<<<<

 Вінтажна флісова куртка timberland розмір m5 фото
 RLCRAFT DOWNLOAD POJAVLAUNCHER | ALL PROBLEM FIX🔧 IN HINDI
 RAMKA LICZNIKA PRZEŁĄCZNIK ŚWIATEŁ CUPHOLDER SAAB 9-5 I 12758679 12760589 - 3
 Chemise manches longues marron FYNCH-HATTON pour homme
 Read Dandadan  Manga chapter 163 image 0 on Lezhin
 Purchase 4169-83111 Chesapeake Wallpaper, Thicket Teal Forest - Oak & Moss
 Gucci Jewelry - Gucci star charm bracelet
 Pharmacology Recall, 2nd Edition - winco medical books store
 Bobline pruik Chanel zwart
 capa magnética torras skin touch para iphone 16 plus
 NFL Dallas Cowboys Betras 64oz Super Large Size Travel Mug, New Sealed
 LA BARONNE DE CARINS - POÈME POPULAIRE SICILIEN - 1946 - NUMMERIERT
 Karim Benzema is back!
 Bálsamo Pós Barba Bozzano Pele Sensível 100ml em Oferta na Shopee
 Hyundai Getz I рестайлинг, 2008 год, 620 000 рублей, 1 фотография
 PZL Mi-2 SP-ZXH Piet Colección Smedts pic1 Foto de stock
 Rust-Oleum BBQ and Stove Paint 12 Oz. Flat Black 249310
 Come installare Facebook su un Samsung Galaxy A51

>>>>

ACTIVITY:
Transcribe all of the data exactly, leaving no line out.

FINAL ANSWER:
 Вінтажна флісова куртка timberland розмір m5 фото
 RLCRAFT DOWNLOAD POJAVLAUNCHER | ALL PROBLEM FIX🔧 IN HINDI
 RAMKA LICZNIKA PRZEŁĄCZNIK ŚWIATEŁ CUPHOLDER SAAB 9-5 I 12758679 12760589 - 3
 Chemise manches longues marron FYNCH-HATTON pour homme
 Read Dandadan  Manga chapter 163 image 0 on Lezhin
 Purchase 4169-83111 Chesapeake Wallpaper, Thicket Teal Forest - Oak & Moss
 Gucci Jewelry - Gucci star charm bracelet
 Pharmacology Recall, 2nd Edition - winco medical books store
 Bobline pruik Chanel zwart
 capa magnética torras skin touch para iphone 16 plus
 NFL Dallas Cowboys Betras 64oz Super Large Size Travel Mug, New Sealed
 LA BARONNE DE CARINS - POÈME POPULAIRE SICILIEN - 1946 - NUMMERIERT
 Karim Benzema is back!
 Bálsamo Pós Barba Bozzano Pele Sensível 100ml em Oferta na Shopee
 Hyundai Getz I рестайлинг, 2008 год, 620 000 рублей, 1 фотография
 PZL Mi-2 SP-ZXH Piet Colección Smedts pic1 Foto de stock
 Rust-Oleum BBQ and Stove Paint 12 Oz. Flat Black 249310
 Come installare Facebook su un Samsung Galaxy A51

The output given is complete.